Herbert e le sue storiacce, ogni sera in un locale diverso, una sigaretta dietro l'altra.
«È la storia di un giovane scrittore che sposa l'amore della sua vita.»
Cazzate su cazzate per non guardarsi allo specchio, per non affrontare la realtà.
«Un giorno però alla mogliettina venne un ictus...»
La realtà che sua moglie, Letizia, era morta da tempo.
«Allora il giovane scrittore cadde in depressione e iniziò a bere, a fumare, a drogarsi...»
Ogni sera un bicchierino, una dose di anestetico per cervelli, una boccata di cancro.
«E un giorno pensò di farla finita...»
«Herbert», l'interruppe Luca, «Non mi piace questa storia.»
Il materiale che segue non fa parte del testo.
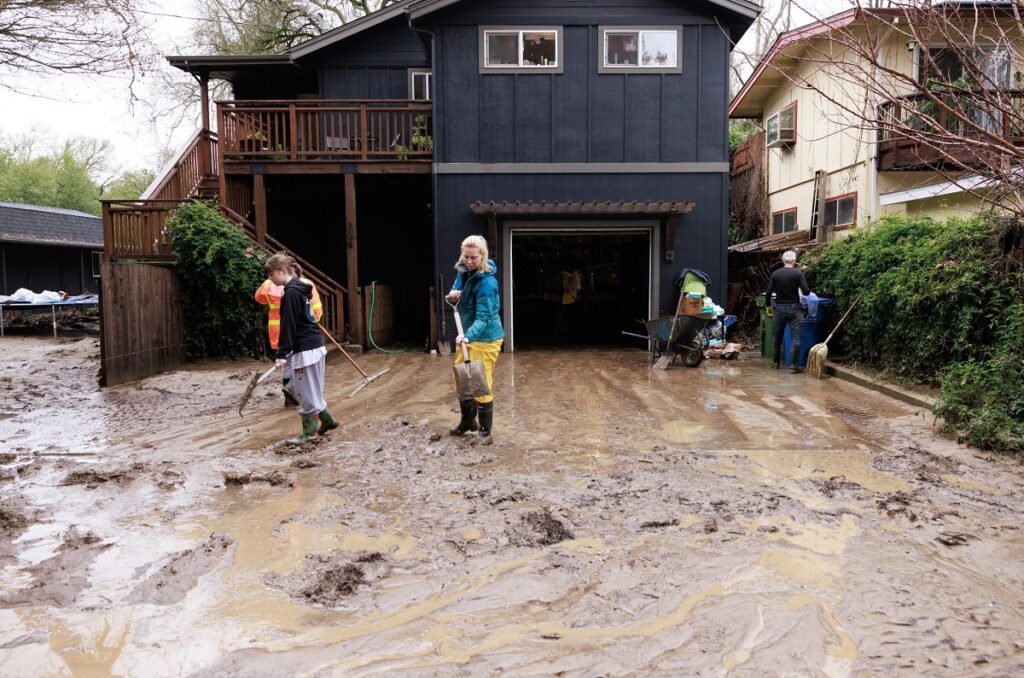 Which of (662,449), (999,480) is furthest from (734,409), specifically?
(999,480)

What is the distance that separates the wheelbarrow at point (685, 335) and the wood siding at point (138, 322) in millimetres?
7298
E lui: «Non vuoi sapere il finale?»
Herbert che lo portava nel retro del Borderline Pub, Herbert che gli iniettava una dose mortale di eroina.
«Non vuoi sapere», sentì sussurrarsi «Come andrà a finire?»
Queste stupide domande, queste stronzate da tossici.
E Luca: «So come andrà a finire.»
Herbert che se ne andava, Herbert che se ne tornava fra le pagine del romanzo che non aveva mai finito di scrivere.
La verità spiegata attraverso le sirene di un'ambulanza, la nenia di un altro tossico che continuava a chiedergli: «Se muori, posso prendermi le tue scarpe?»
L'ago piantato nel braccio.
«Non saprei», immaginò di rispondere. «I morti camminano?»
«I morti raccontano», rispose una voce femminile.
«Letizia?» chiamò Luca. «Sei tu? Sono morto?»
«Vieni», disse lei, prendendolo per mano. «Vediamo se sai ancora come si scrive un bel finale.»
Ed insieme volarono oltre il Borderline.